Mrs S and I are not a perfect couple and we do argue. Mainly because as a man and woman, our brains are wired slightly differently and we perceive, react to and communicate things in a different manner. She gets mad about some matters, I make sure we get even and occasionally vice versa. She tends to react more emotionally and I’m generally more practical and cold blooded in my initial approach. So we talk. Then for the most part we accept our not infrequent misunderstandings brought on by our differences, often laughingly brushing them off with a carefully timed; “Yes dear.”
To which the good humoured response is a mocking; “I’ve been ‘yes deared’ – how could you?”. Well, it works for us.

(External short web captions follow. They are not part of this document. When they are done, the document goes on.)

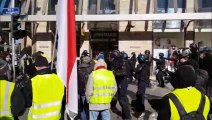 ActeXIV des gilets jaunes : les manifestants devant le Printemps à Strasbourg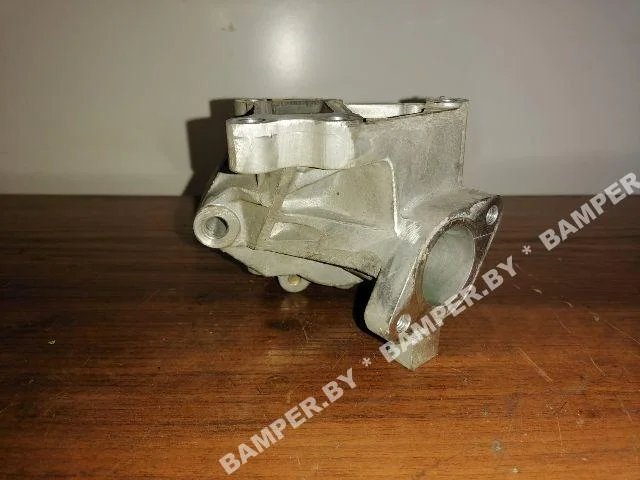 Помпа к Nissan Primera, 2006 г.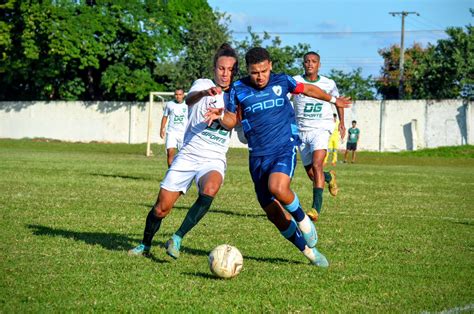 Jonas Celebra Retorno Ao Dia A Dia Do Clube E Projeta Volta Aos Gramados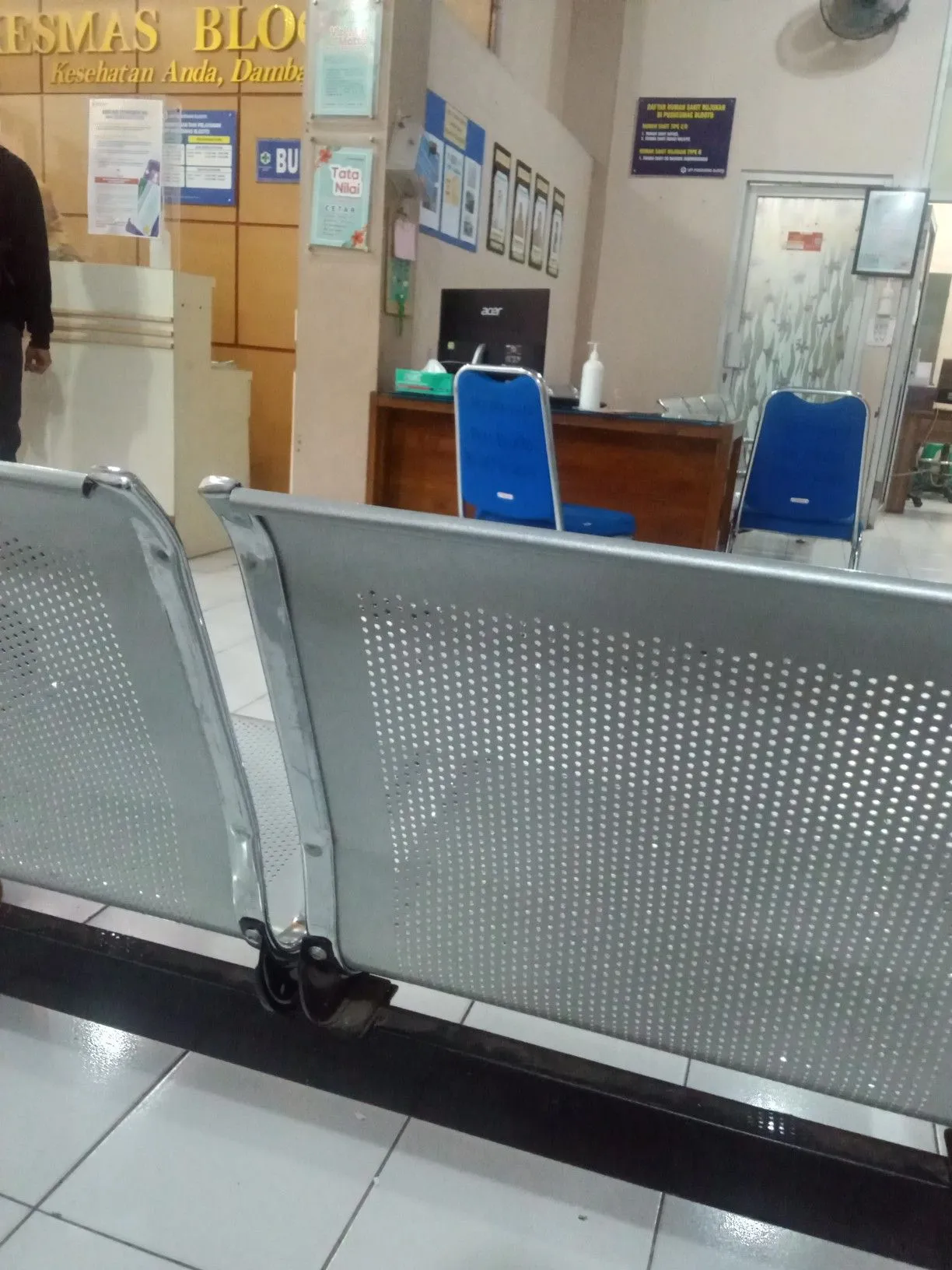 Kumpulan Foto Orang di Rumah Sakit Terbagus dan Terlengkap 17 Foto Orang di Rumah Sakit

Apropos the dissimilarities between men and women, I say they should be celebrated as in “vive la difference” To which I often apply an old ditty the original version of which dates back to before 1891, updated variants of which can be seen below All have been tested to a value of six sigma, or 99.899% inverse partial variance ‘true’ value on the Bill Sticker institute Massive Contextual Axiometer and Adage tester. Please note that the remaining 0.011 is necessary to allow for Quantum EMO effects while testing took place, which is an experimental constant allowed for freak events outside the constraints of Einstinian space / time.

Therefore;

Feminists have many faults,
Men have only two,
Everything they say, and everything they do.

or

BlActivists have many faults,
But white males only two,
Everything they say and everything they do.

Because, as any fule kno, there is no pleasing these people. They beclown themselves and anyone else who takes them seriously.

So when some ‘Gender Studies’ type Academic trots out their latest insanity, the best thing anyone can do is say; “Yes, dear.” or “Whatever.” in as patronising a tone as possible and watch their heads explode. Then give them the finger when it comes to funding. Of course the faux-outrage this will generate may make the powers that be try to outlaw words like China has done with certain terms; and the letter ‘N’ for some reason known only to Beijing. Or create new ‘genders’ out of thin air who must have their own compulsory pronouns, on pain of prosecution as proposed (Or have the silly buggers in Ottawa actually passed M-103 c-16?  Oh yes they did – the bone brains) in Canada. Which can leave embarrassing gaps in a language and play havoc with translating business documentation.

So, having accepted that I, as a northern European complexioned male am ‘wrong’ about everything, I can just go my own sweet way and quietly get on with investing while everyone else pointlessly argues over what colour or sexual variant they might be. And who offended or oppressed whose great great great grandfather back in the early 1800’s or wherever. Why should that be my problem? Do tell.

Fortunately, my money bears no such grudges. It’s probably why I mostly prefer it to humans. Money can be trusted. It has no prejudices. Money is completely colour blind and non-sexist. Money doesn’t have a brain fart half way down to the shops and come back with a shopping cart full of chocolate and junk food (Unless you tell it to). Money does what I tell it to without four hours of pointless, round the bushes bickering. And it goes where it’s bloody well told. When it’s told. And does what I tell it to do. Which is why money occupies such a large place in my affections. See video below.

I’m moved to consider that while diversity may be a noble goal, it should be diversity based upon personally earned merit and effort, not because some grievance-monger wants a handout.